**Exercise description**
Beneath this instruction is a block of data; output from it exactly the lines that run from the one containing "Carta bianca a" through the one containing "White Tail Lodge;", inclusive.

*** Opening of Information provided ***

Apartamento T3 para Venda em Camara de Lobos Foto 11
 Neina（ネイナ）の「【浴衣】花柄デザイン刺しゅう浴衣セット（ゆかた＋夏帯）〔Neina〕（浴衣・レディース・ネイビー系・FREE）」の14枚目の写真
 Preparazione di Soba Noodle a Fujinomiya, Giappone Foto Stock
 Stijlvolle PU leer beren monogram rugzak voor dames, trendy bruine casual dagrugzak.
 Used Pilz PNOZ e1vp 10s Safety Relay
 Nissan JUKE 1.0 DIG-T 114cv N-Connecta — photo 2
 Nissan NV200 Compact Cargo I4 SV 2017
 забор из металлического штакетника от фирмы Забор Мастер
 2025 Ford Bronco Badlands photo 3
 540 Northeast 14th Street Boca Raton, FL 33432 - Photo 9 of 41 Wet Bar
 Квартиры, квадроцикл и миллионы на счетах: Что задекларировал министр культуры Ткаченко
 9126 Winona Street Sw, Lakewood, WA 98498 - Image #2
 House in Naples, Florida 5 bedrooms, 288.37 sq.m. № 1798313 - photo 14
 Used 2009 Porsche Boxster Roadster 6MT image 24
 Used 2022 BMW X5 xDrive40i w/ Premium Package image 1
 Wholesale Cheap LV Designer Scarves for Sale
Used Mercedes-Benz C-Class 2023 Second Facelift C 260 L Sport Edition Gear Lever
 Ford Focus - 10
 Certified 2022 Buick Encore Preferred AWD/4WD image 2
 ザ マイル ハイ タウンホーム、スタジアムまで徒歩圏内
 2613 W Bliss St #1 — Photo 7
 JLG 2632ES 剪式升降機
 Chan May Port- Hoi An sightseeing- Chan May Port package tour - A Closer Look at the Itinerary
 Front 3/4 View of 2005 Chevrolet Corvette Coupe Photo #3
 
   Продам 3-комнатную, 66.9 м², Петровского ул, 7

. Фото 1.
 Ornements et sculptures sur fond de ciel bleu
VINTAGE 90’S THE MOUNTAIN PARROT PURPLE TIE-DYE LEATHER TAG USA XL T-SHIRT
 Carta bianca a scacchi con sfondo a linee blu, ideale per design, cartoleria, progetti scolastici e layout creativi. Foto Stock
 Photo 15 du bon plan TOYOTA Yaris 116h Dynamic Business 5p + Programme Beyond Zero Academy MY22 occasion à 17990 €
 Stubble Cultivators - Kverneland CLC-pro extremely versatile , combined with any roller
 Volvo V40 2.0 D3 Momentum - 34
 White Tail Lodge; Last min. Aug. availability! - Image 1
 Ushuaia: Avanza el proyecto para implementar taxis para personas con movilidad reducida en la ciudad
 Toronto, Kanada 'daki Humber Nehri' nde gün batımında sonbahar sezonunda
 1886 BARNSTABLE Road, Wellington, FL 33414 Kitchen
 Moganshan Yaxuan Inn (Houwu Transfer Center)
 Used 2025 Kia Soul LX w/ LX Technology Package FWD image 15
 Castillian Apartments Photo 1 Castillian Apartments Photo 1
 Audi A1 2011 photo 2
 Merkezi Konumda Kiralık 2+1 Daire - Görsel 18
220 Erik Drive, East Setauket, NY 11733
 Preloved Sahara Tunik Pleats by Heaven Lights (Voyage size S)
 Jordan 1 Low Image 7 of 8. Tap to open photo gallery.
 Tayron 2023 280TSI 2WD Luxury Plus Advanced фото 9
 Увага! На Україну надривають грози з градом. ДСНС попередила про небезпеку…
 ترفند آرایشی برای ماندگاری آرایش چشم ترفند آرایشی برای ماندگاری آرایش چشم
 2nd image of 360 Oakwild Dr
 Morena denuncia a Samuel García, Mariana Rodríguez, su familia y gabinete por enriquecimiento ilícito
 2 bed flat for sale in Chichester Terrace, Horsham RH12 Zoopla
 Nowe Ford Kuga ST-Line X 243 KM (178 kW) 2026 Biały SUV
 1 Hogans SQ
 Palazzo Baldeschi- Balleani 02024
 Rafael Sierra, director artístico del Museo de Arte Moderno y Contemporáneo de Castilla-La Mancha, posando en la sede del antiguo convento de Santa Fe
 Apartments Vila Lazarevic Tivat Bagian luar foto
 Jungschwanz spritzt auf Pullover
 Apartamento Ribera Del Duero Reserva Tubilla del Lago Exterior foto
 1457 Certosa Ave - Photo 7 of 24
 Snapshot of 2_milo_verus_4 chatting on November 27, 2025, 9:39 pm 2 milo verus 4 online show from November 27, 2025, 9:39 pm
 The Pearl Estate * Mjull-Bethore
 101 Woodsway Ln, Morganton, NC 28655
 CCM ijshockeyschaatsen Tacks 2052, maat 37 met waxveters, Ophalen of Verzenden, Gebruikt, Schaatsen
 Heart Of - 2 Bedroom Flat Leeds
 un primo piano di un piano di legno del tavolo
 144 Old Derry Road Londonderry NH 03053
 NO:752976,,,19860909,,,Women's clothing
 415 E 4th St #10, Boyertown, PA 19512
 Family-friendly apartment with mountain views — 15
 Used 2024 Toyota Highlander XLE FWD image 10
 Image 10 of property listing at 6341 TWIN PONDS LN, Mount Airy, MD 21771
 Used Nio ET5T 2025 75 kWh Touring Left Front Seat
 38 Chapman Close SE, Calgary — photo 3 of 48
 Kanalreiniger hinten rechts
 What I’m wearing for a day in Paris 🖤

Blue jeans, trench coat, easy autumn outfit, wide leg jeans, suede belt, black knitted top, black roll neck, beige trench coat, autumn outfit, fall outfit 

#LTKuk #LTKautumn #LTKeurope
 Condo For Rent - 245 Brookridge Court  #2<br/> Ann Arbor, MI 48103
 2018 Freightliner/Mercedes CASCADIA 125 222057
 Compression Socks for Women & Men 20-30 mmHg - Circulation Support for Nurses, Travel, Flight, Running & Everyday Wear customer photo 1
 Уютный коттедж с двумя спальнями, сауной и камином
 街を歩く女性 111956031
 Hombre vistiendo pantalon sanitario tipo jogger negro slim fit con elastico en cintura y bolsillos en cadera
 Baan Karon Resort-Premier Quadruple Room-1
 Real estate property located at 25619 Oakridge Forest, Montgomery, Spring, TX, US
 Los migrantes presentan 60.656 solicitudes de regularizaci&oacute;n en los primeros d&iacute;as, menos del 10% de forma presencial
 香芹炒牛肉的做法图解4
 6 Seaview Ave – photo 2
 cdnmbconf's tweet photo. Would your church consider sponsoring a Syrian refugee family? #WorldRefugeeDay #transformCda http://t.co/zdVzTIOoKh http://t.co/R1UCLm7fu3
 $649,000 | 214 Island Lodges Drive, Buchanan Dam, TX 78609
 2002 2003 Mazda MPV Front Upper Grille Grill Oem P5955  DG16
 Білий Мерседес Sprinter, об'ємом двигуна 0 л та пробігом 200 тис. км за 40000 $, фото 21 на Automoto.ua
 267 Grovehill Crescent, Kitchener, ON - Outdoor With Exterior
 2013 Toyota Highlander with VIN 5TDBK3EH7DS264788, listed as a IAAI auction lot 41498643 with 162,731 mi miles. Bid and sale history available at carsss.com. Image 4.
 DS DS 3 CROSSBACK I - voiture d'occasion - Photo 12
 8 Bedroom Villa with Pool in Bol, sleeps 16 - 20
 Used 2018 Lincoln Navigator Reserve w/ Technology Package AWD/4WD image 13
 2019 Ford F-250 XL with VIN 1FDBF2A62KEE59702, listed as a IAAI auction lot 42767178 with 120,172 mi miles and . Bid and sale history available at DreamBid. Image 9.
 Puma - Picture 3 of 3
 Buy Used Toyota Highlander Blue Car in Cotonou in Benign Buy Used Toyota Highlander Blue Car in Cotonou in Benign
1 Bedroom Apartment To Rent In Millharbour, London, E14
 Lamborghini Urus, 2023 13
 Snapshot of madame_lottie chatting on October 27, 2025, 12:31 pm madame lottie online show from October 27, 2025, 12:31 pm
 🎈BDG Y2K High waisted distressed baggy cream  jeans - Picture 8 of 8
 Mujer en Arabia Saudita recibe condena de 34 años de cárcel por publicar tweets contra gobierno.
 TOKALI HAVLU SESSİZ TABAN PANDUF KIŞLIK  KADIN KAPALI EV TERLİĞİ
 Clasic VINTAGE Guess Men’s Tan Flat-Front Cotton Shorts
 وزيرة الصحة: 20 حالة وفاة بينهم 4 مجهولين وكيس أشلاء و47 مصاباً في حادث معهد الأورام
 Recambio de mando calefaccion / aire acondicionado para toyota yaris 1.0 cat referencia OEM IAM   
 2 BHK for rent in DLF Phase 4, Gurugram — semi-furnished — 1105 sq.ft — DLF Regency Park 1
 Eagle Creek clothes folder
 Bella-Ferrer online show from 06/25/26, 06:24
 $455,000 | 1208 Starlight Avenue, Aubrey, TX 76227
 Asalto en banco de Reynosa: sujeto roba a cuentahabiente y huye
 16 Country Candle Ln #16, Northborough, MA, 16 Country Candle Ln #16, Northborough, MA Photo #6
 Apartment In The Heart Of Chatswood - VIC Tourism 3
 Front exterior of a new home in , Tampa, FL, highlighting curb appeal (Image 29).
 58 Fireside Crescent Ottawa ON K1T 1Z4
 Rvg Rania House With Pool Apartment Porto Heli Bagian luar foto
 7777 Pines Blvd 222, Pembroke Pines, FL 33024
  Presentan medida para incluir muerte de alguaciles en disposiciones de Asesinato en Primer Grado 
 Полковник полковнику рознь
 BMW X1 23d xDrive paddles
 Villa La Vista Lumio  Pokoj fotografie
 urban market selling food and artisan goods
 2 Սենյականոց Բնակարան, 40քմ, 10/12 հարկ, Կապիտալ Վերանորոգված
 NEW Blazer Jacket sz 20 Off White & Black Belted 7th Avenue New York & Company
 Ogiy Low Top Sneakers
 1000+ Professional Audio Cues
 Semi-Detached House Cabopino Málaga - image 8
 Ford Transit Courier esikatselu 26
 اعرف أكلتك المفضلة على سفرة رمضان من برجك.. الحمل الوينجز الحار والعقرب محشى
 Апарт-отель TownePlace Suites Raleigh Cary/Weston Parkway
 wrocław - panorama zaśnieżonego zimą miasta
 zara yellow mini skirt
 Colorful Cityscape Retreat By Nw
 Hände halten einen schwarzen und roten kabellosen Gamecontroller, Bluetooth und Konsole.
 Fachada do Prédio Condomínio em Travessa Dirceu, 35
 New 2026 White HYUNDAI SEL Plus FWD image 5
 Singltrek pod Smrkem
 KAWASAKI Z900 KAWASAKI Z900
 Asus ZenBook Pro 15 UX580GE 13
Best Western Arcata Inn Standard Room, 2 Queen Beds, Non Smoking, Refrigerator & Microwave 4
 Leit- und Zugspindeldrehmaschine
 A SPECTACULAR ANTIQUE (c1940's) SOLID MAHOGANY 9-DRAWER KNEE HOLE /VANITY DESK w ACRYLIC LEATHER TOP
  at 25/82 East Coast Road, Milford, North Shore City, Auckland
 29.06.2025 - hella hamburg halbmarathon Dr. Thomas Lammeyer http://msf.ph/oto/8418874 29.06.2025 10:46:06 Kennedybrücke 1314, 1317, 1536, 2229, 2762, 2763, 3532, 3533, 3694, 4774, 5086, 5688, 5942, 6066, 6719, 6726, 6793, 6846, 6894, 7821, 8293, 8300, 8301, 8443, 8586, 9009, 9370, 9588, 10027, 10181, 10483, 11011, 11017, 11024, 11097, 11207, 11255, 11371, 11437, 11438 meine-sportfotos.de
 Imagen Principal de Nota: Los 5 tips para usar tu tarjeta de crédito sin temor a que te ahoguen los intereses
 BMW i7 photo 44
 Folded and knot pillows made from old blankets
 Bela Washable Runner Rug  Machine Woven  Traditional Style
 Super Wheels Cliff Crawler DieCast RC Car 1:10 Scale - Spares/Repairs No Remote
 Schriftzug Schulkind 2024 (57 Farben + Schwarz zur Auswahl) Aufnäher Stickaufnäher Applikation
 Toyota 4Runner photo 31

*** Close of Information provided ***

**Result of the exercise**
 Carta bianca a scacchi con sfondo a linee blu, ideale per design, cartoleria, progetti scolastici e layout creativi. Foto Stock
 Photo 15 du bon plan TOYOTA Yaris 116h Dynamic Business 5p + Programme Beyond Zero Academy MY22 occasion à 17990 €
 Stubble Cultivators - Kverneland CLC-pro extremely versatile , combined with any roller
 Volvo V40 2.0 D3 Momentum - 34
 White Tail Lodge; Last min. Aug. availability! - Image 1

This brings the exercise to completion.